> **EXERCISE DIRECTIONS**: Since pictures are not part of the copy, please output only the lines from the one with "Black Full Length" through the end of the data below, exactly as written.

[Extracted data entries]

──────────────────────────────

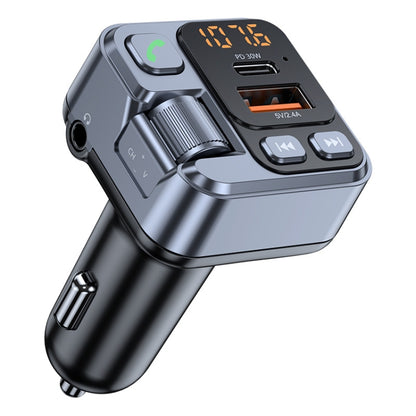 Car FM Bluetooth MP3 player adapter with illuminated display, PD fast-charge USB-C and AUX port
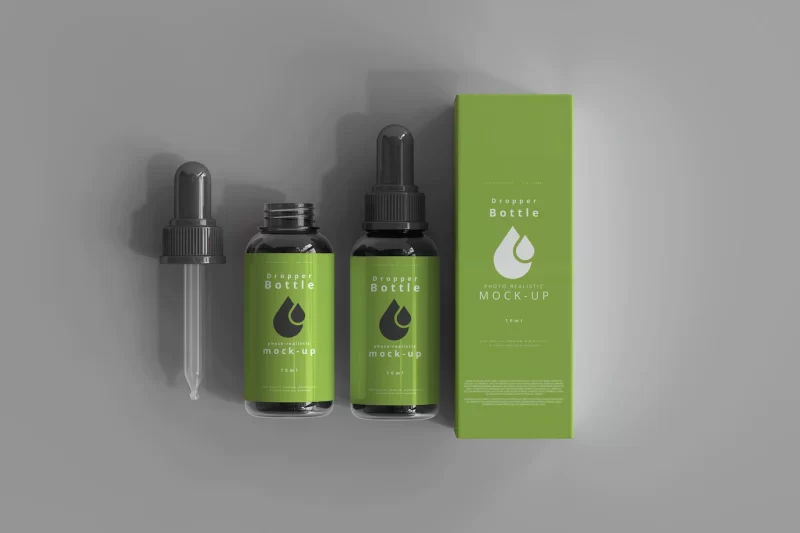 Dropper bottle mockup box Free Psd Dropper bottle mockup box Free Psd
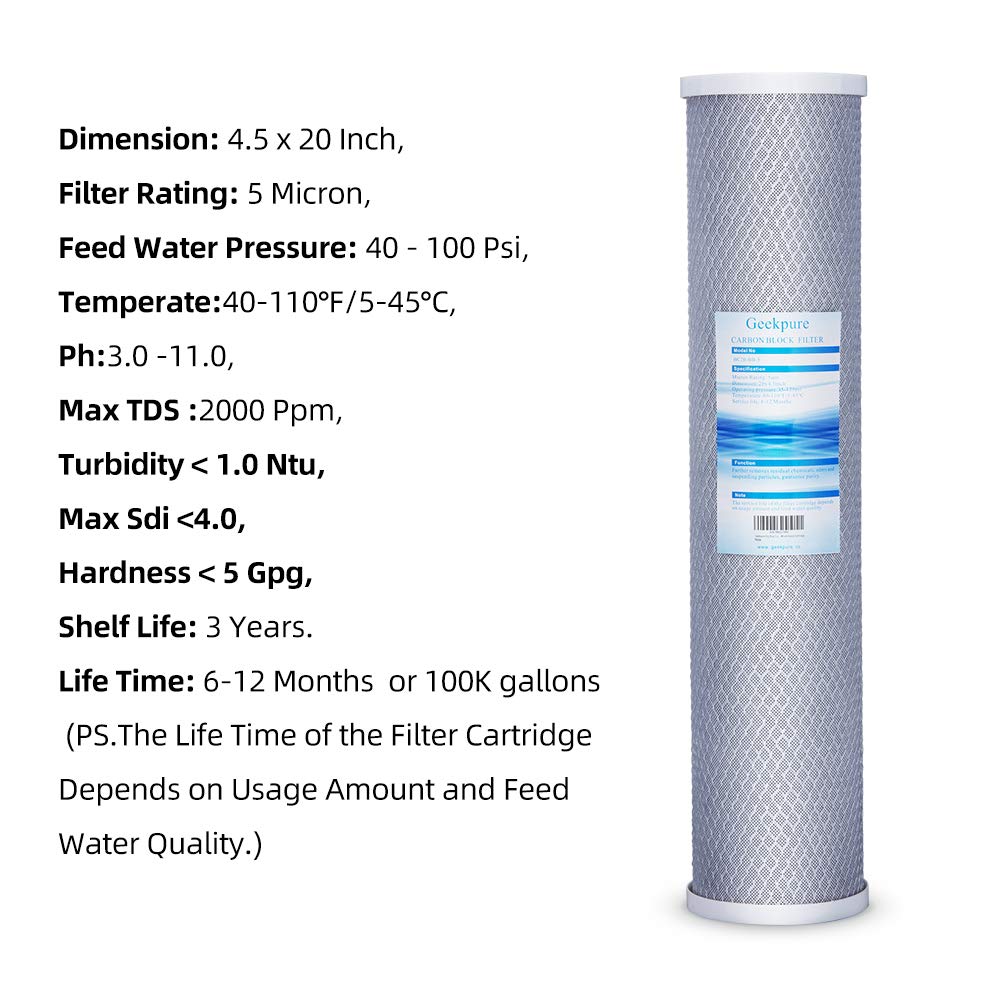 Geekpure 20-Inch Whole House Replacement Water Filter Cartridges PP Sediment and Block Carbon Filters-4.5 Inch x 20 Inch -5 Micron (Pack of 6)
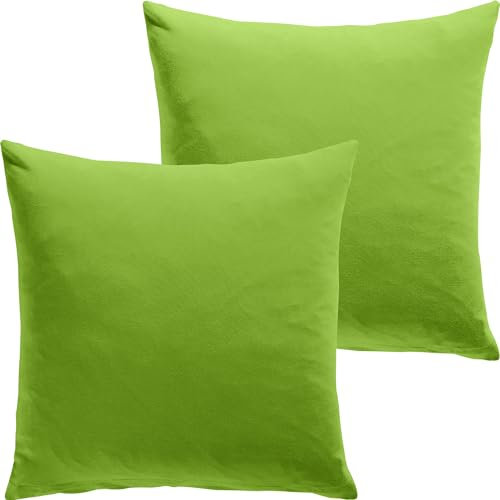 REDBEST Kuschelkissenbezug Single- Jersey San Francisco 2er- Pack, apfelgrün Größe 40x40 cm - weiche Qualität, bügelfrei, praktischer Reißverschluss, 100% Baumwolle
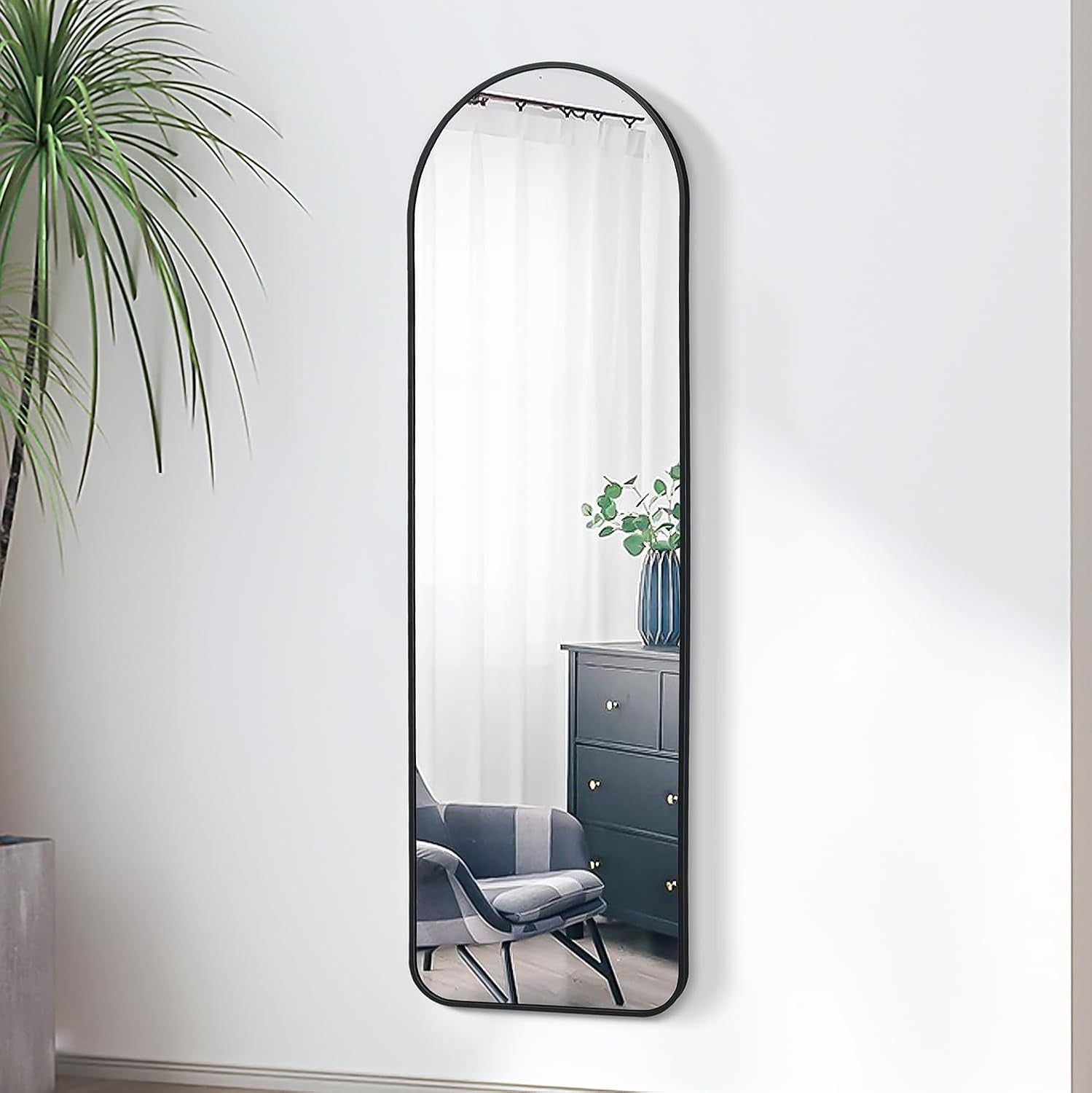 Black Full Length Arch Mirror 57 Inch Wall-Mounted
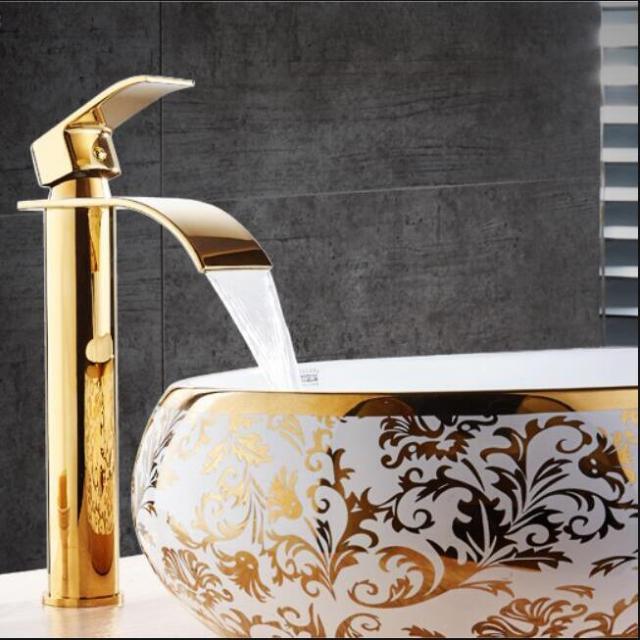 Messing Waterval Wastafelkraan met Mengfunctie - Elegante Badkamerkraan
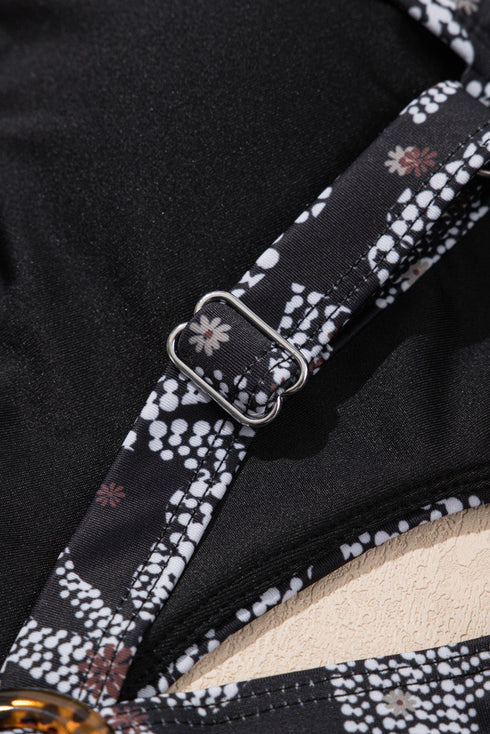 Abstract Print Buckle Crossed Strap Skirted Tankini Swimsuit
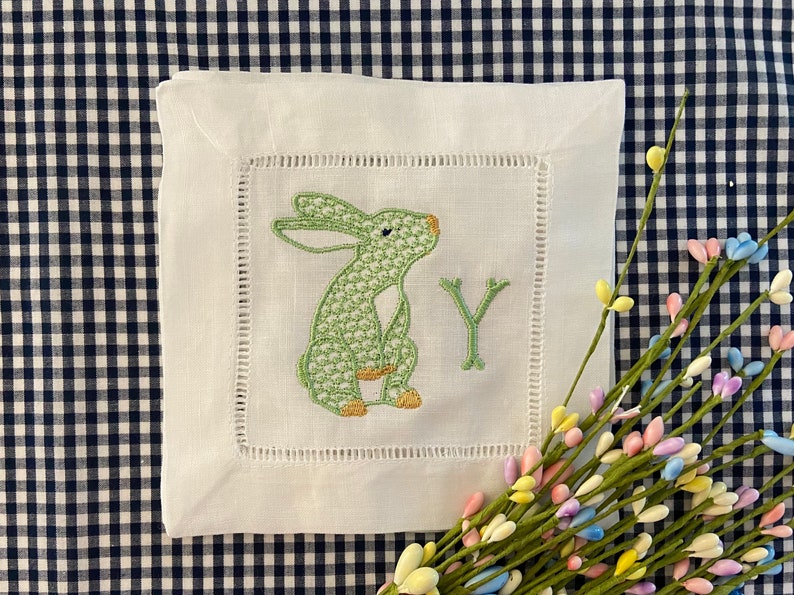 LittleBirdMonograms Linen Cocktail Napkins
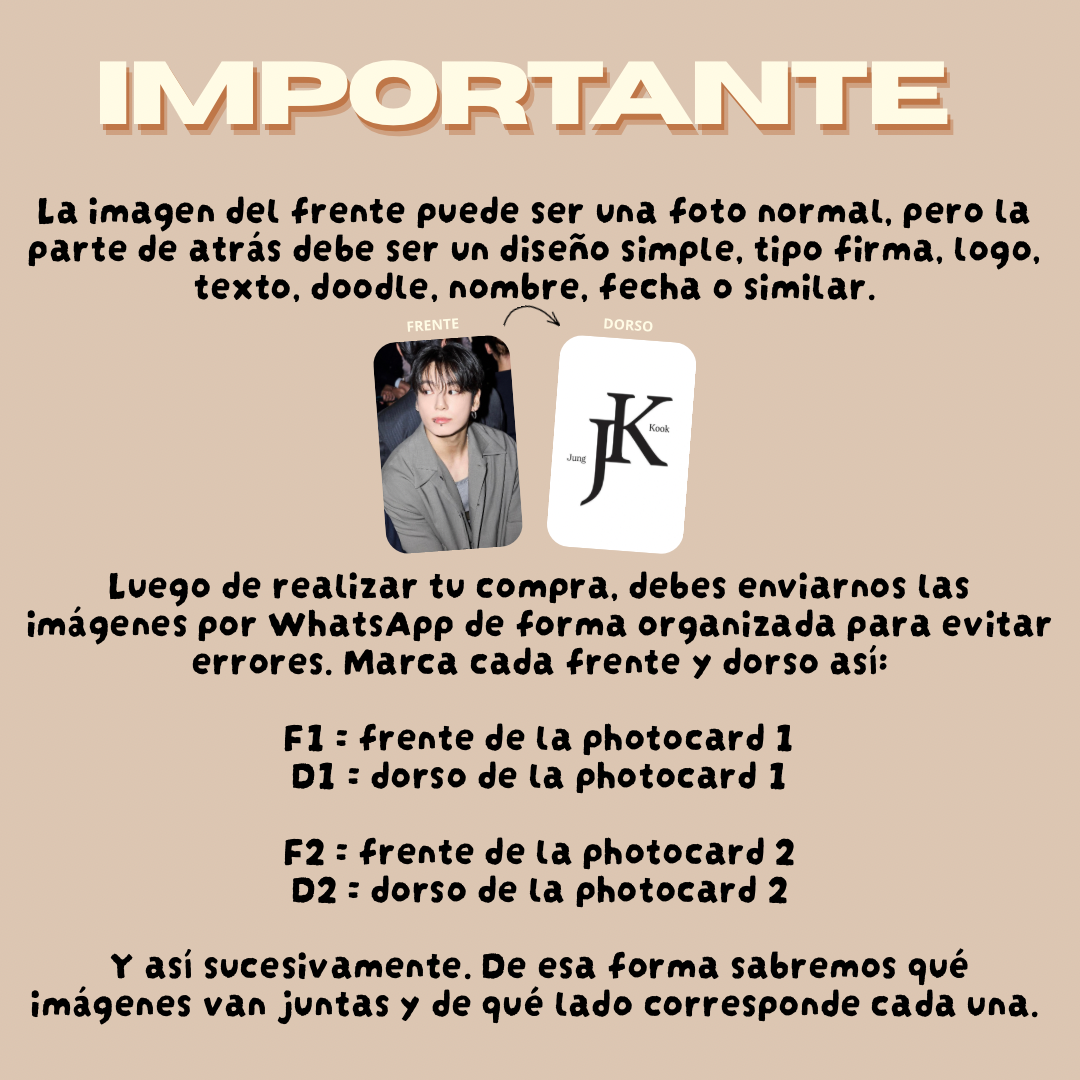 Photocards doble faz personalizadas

──────────────────────────────

> **TASK OUTPUT**:
 Black Full Length Arch Mirror 57 Inch Wall-Mounted
 Messing Waterval Wastafelkraan met Mengfunctie - Elegante Badkamerkraan
 Abstract Print Buckle Crossed Strap Skirted Tankini Swimsuit
 LittleBirdMonograms Linen Cocktail Napkins
 Photocards doble faz personalizadas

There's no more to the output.